Baldhere endişeli bir ifadeyle düşündü. “Okçuları doğudaki tepeden çekmek gerekirdi. Orada arazi engebeli. Bu yüzden Gölgedölleri izcilerimizin arkasından dolanabilir –özelikle de herkesin gözü yukarıda, ön saflardayken– ve yaklaşabilirdi.

“Okçular onları görür, alarm verirdi. Belki diğer yedekler gelene kadar Trollocları uzak tutabilirdi. Ama okçular oradan alınmışsa ve doğudaki yedekler de başka yere gönderilmişse, düşman doğu kanadımızın çevresinden dolanır ve arka saflara saldırırdı… bütün ordu ırmakla düşman arasında sıkışmış olurdu. Ondan sonra her şey zamana kalırdı.”

“Lord Mandragoran,” dedi Prens Kaisel, atını öne çıkararak. Utanç içindeymiş gibi çevresine bakındı. “Bunu duyduğuma inanamıyorum. Lord Agelmar’ın bize ihanet ettiğinden kuşkulanmıyorsun eminim!”

“Kimseden kuşkulanmama lüksümüz yok,” dedi Lan sertçe. “Daha keskin bir kulakla dinlemiş olmam gereken bir uyan. Belki dayanaksızdır. Belki.”

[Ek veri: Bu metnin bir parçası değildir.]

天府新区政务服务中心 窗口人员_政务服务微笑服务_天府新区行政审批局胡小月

“Bu haliyle bile mevcut durumdan kurtulmakta güçlük çekeceğiz,” dedi Andere, kaşlarını çatarak. “Eğer ırmak kıyısında sıkışırsak… ”

“Baştaki plan, yedek hafif süvarileri ordu geri çekilirken bizi korumaları için kullanmaktı,” dedi Lan. “İlk önce piyade çekilecek, yaya olarak ırmağı aşacaktı. Sonra kapıyollar aracılığıyla ağır süvarileri getirecektik. İrmak hızlı akmıyor ve hafif süvari atları geçebilir, ama Trolloclar geçemez. Zorlanmadıkları sürece. Bu iyi bir plandı.”

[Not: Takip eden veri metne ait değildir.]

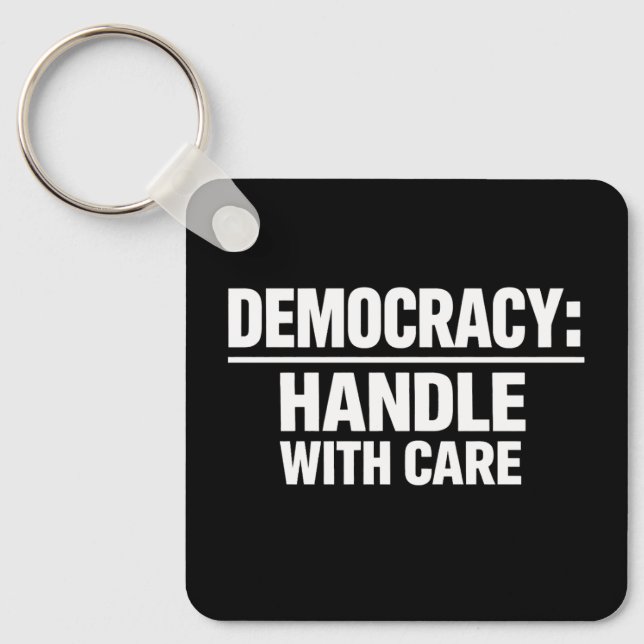 Chaveiro Lide com a Democracia com Cuidado (Frente)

Piyadelerin dağılmasına sebep olacak kadar şiddetli bir saldırıya uğramadıkları sürece. O zaman her şey dağılırdı. Ve eğer kuşatılırlarsa, Lan’in ordusunu kurtarmasını hiçbir yolu yoktu. Tüm orduyu oradan götürmelerine yetecek kadar çok yönlendiricileri yoktu. Tek çıkış yolu yayan kaçmak ve ordunun yarısını katledilmeye bırakmaktı. Hayır, bunun olmasına izin vermektense ölürdü daha iyi.

“Lord Agelmar’ın son zamanlarda yaptığı her şey iyi bir plan,” dedi Baldhere ısrarla. “Kuşku çekmeyecek kadar iyi, ama kazanacak kadar değil. Lan… onda yanlış bir şey var. Onu senelerdir tanıyorum. Lütfen. Sadece yorgun olduğunu düşünüyorum hâlâ, ama sahiden de hatalar yapıyor. Haklıyım, bundan eminim.”

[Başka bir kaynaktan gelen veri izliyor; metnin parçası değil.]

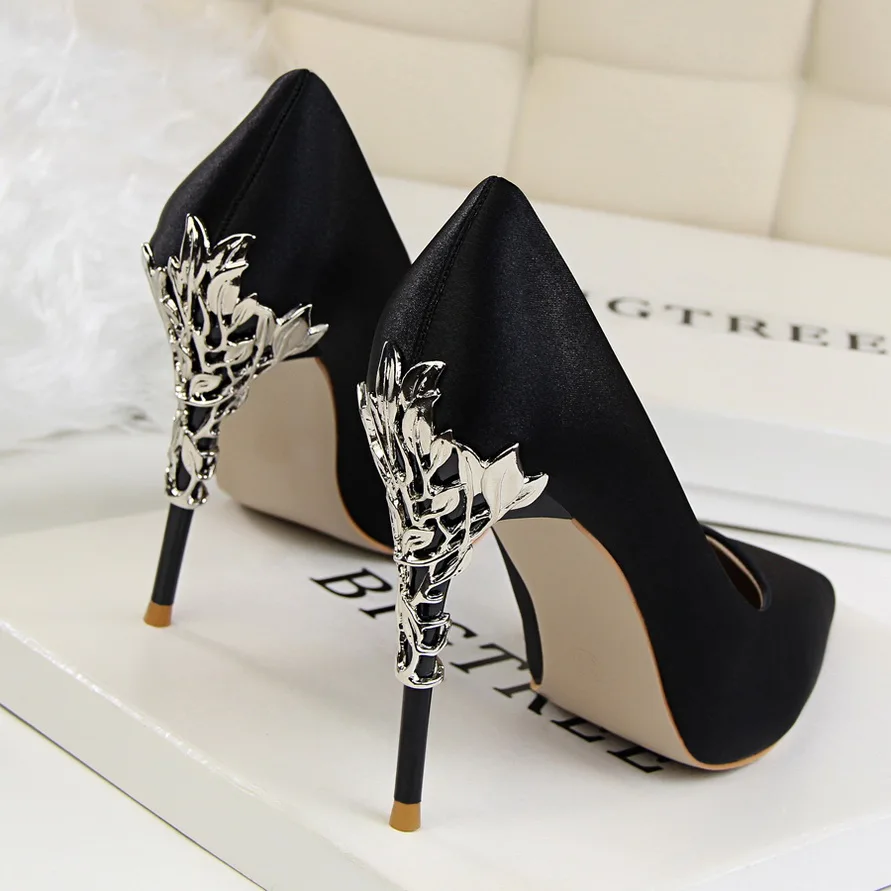 Sporting Metal Carved Thin Heel High Heels Pumps Women Shoes 2018 Ay Pointed Toe - £53.20 GBP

Lan başını salladı. Lord Baldhere’i yerinde bıraktı ve korumalarıyla birlikte arka saflardaki kumanda çadırına gitti.

Lan’in hissettiği dehşet, boğazına takılmış bir taş gibiydi. O bulutlar her zamankinden de alçaktı. Gürlüyorlardı. Adamlarının canlarını almaya gelmiş Karanlık Varlık’ın davulları.

Lan kumanda çadırına vardığında, arkasında yüz iyi adam vardı. Genç bir Shienarlı habercinin – zırhı yoktu ve adam koşarken tepe tutamı sallanıyordu– atına yönelmiş olduğunu gördü.

Lan işaret verince Andere koşarak gitti ve adamın dizginlerini yakalayıp sıkıca tuttu. Haberci kaşlarını çattı. “Dai Shan?” diye sordu, Lan yaklaşırken selam vererek.

“Lord Agelmar’ın emirlerini mi iletiyorsun?” diye sordu Lan atından inerek.

“Evet Lordum.”

“Ne emir verdi?”

“Doğudaki Kandor okçular,” dedi haberci. “Tepeler savaş meydanından çok uzak ve Lord Agelmar öne gelip o Dehşetlordlarını ok yaylımına tutarlarsa daha iyi olacağını düşünüyor.”

Muhtemelen okçular Saldaea süvarilerinin hâlâ yerlerinde olduğunu sanıyorlardı. Saldaealılar okçuların yerlerinde kalacağını sanıyordu. Yedekler onlar gittikten sonra o iki birliğin yerinde kalacağını sanıyordu.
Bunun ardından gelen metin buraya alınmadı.